Очередной экономический кризис поколебал привычные постулаты. Он показал, что рынки не так уж хорошо оценивают риски, а ресурсы на них распределяются порой не слишком рационально. Более того, лишаясь контроля извне, они тяготеют к неустойчивой чехарде взлетов и падений. Но где искать более основательные руководящие и направляющие принципы? Джордж Акерлоф и Роберт Шиллер недавно упрекнули экономистов в пренебрежении ключевой значимостью того фактора, который в работах Джона Мейнарда Кейнса обозначается, как animal spirits — “животный азарт”, “жизнерадостность”, “нерациональное поведение”[2]. Подобная идея была высказана и на недавнем форуме ведущих экономистов в Кембридже, посвященном сбоям в мировой экономике:
“Важнейшим выводом стало осознание того, что экономисты, равно как и рыночные акторы, должны уделять гораздо больше внимания человеческой психологии, а не сухим цифрам экономической статистики, столь любимым политконсультантами”[3].
Одновременно некоторые исследователи настаивают на том, что в сдерживании рыночной стихии не обойтись без морали. Роберт Скидельски, например, критикует “превознесение экономического роста ради самого роста”:
“На сегодняшний день нашим основным моральным ориентиром остается весьма расплывчатая и пресная идея экономического процветания, измеряемого в объемах материальных благ”[4].
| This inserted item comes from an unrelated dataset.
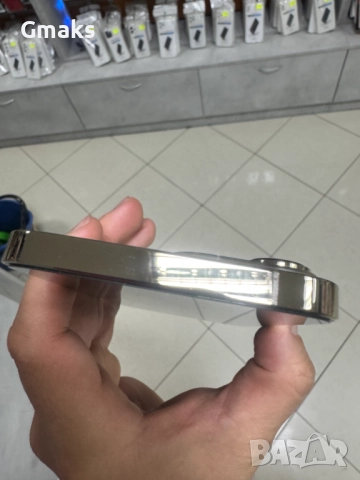 Iphone 13 Pro Max Gold 1 TB като нов !!!, снимка 6 - Apple iPhone - 46292285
Аналогичным образом в своих Рейтовских лекциях 2009 года Майкл Сандел предлагал вернуть в наше осмысление рынков этические понятия:
“Настало время пересмотреть роль рынков в обеспечении общественного блага. Сегодня крепнет убеждение в том, что нынешние рынки отстранились от фундаментальных человеческих ценностей и что мы должны восстановить связь между ними”[5].
Современная модель экономики имеет четыре важнейших недостатка. Во-первых, она игнорирует мораль. Во-вторых, она переоценивает значение рациональности и личного интереса. В-третьих, люди рассматриваются в ней в качестве обособленных индивидов, взаимодействующих друг с другом только посредством торговли и потребления. Наконец, в-четвертых, она недооценивает фактор неопределенности.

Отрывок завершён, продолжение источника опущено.